Although a seller would like to obtain at least thirty percent of the sale price in the initial down payment, this is unlikely especially in the current economy. Twenty percent is the norm you should expect and in some cases, ten percent. If at least ten percent cannot be obtained, you should seriously consider finding another buyer since future potential for receiving a good price for your note if you sell will be seriously curtailed. Obtaining a higher percentage down payment reduces risks substantially since a buyer is less likely to walk away from a property or be foreclosed on with a higher rate of investment in the property. Future investors will also be less likely to consider your note with a low down payment since this elevates their risk levels as well.
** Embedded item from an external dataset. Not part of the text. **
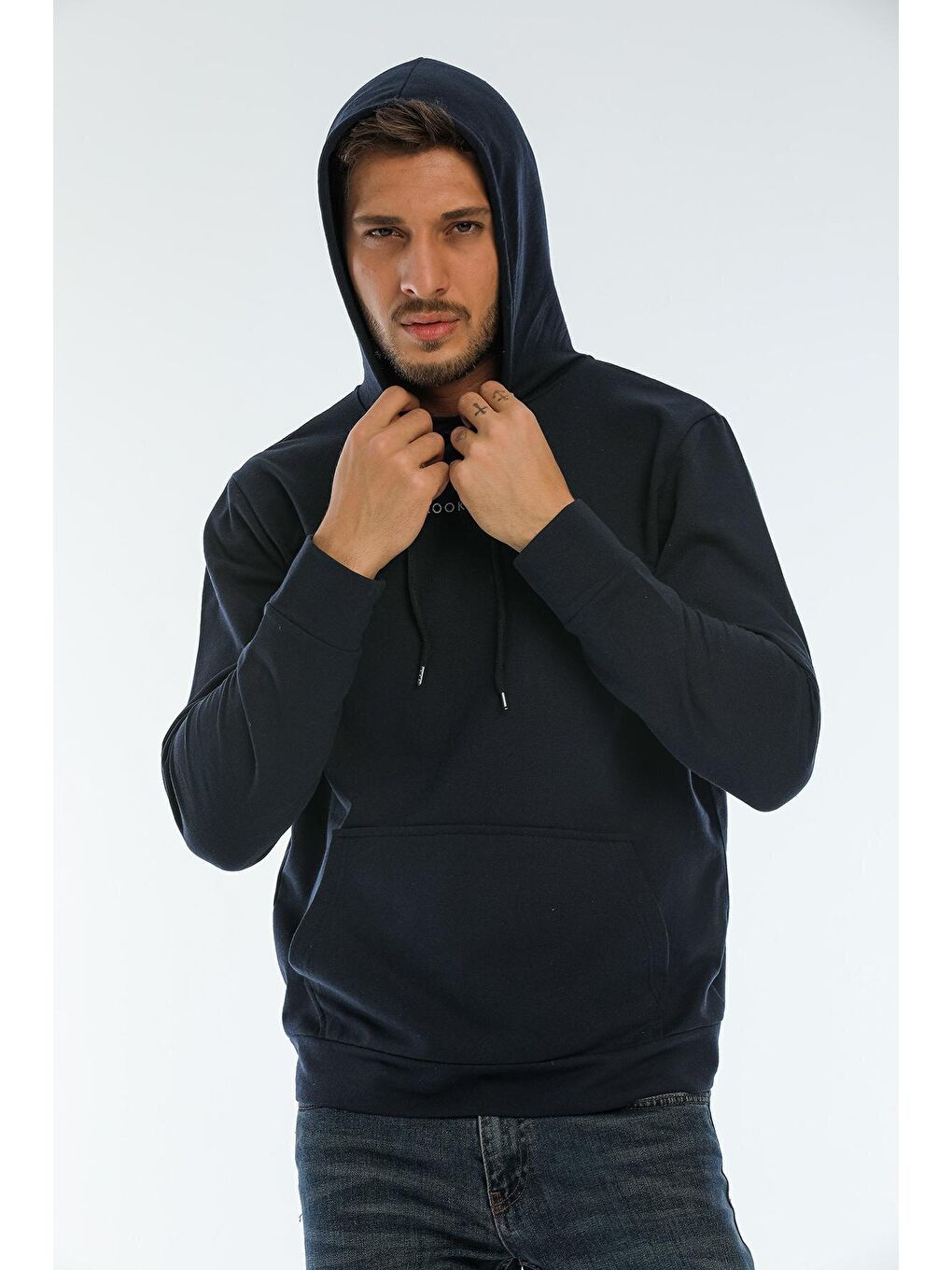 Süperlife Lacivert Erkek Kapüşonlu Regular Fit Brooklyn Baskılı İnce Sweatshirt SPR22SW161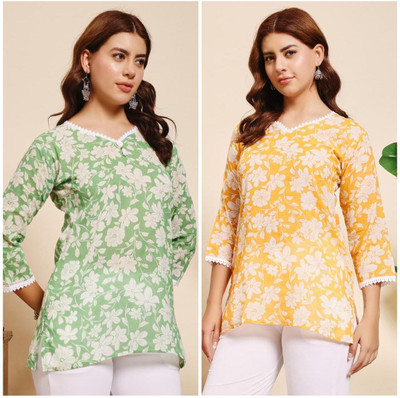 ATTIREGURU Women Floral Print, Embellished Straight Kurta(Multicolor)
Your buyer’s credit rating will also have a substantial evaluation impact when investors consider your note for purchase. Owner financing can often help people with less than perfect credit scores, but sellers considering the sale of their note to investors at some time in the future, should consider the impact of your buyer’s credit rating on a future sale. Investors will look at your buyers credit rating since their habits of paying in the past will determine how they will pay them should they buy your note. The interest rate of your owner financing note will also be a consideration and should be a minimum of two to four percent higher than what can be had a traditional lending institution.
It’s true, by offering owner financing to people that cannot obtain traditional financing gives you a wider market in which to expose your properties, it does have a down side if not structured properly. Working with your buyer and negotiating terms of the financing can be ideal for both parties. However, if you give too much a way in the structure of the financing, you may be severely limiting your ability to market the note properly in the future.